Information provided Block Start

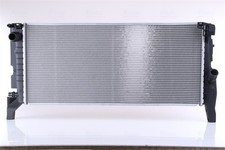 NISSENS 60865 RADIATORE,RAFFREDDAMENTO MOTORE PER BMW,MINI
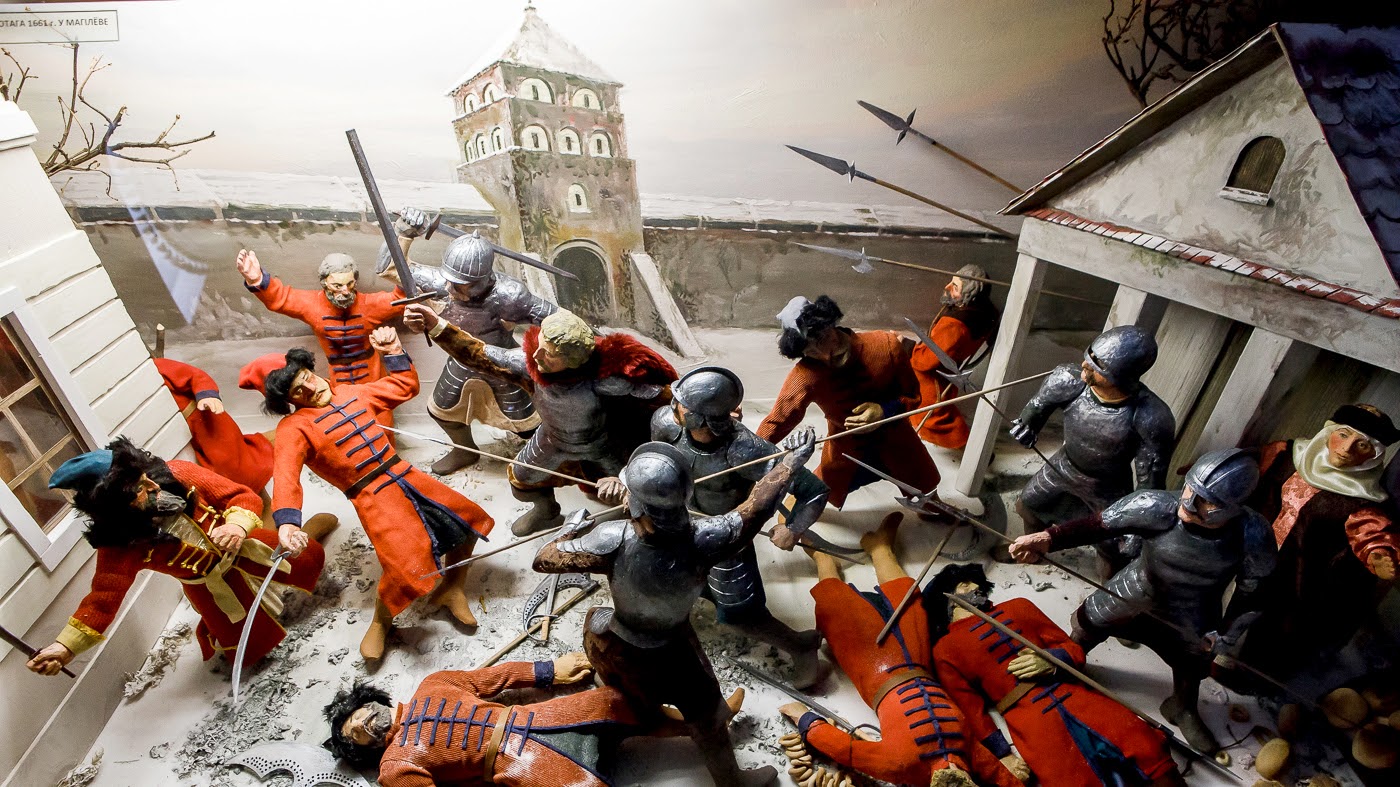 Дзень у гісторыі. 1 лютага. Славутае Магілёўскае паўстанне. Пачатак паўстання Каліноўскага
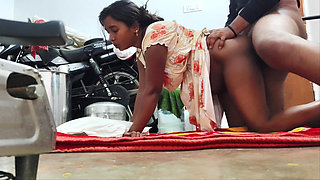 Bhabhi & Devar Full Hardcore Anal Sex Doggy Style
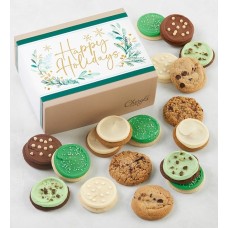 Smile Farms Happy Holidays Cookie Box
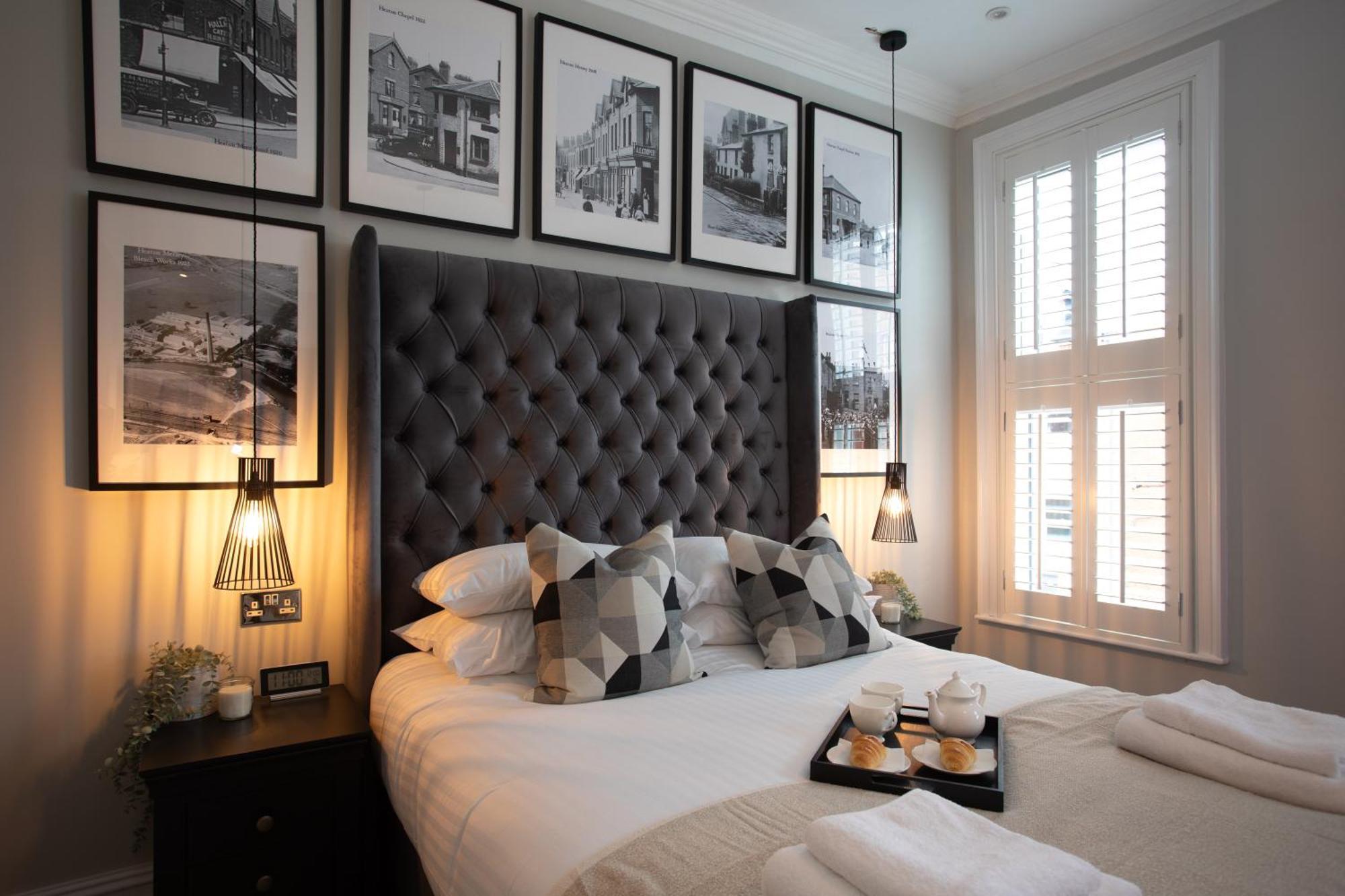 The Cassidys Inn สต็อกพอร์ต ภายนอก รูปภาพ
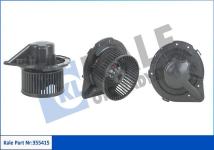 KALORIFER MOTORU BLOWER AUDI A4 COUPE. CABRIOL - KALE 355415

Information provided Block End

What is expected: Reproduce nothing but the lines from the line containing "The Cassidys Inn สต็อกพอร์ต ภายนอก รูปภาพ" through the last line of the data above, exactly as written and without pictures.

Response box:
 The Cassidys Inn สต็อกพอร์ต ภายนอก รูปภาพ
 KALORIFER MOTORU BLOWER AUDI A4 COUPE. CABRIOL - KALE 355415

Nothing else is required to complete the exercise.